The second album, Spooky Two (March 1969), also produced by Miller, gained some attention in the rock press but, like the debut, failed to sell. It was the last album release by the original lineup and included their now classic version of the Larry Weiss penned "Evil Woman" and "Better by You, Better than Me", which was covered by Judas Priest on their release Stained Class (1978).

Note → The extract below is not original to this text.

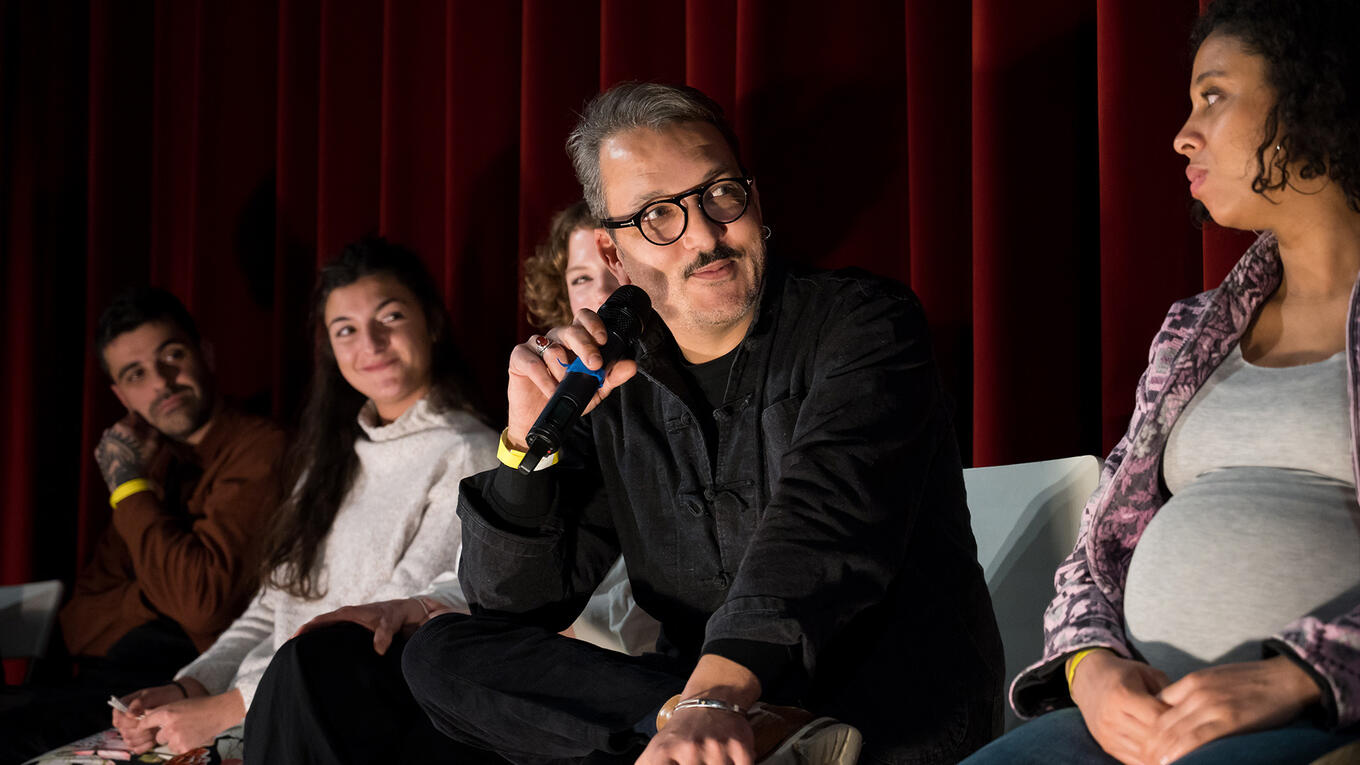 Djamel Reffes, actor and musician featured in Sunny Side Up, answers a question during the Idle Films premiere Q&A, seated among cast and crew in front of a red curtain.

Ridley joined Humble Pie in 1969 and was replaced by Andy Leigh for the album Ceremony (December 1969).
The experimental nature of Ceremony received mixed reviews and despite the project being instigated by Gary Wright, the album is considered by him to have ended the band's career.  The record is described by another as being "one of the great screw-ups in rock history".  As Wright describes it, "...We did a project that wasn't our album. It was with this French electronic music composer named Pierre Henry. We just told the label, 'You know this is his album, not our album. We'll play on it just like musicians.' And then when the album was finished, they said, 'Oh no no — it's great. We're gonna release this as your next album.' We said, 'You can't do that. It doesn't have anything to do with the direction of Spooky Two and it will ruin our career.' And that's exactly what happened."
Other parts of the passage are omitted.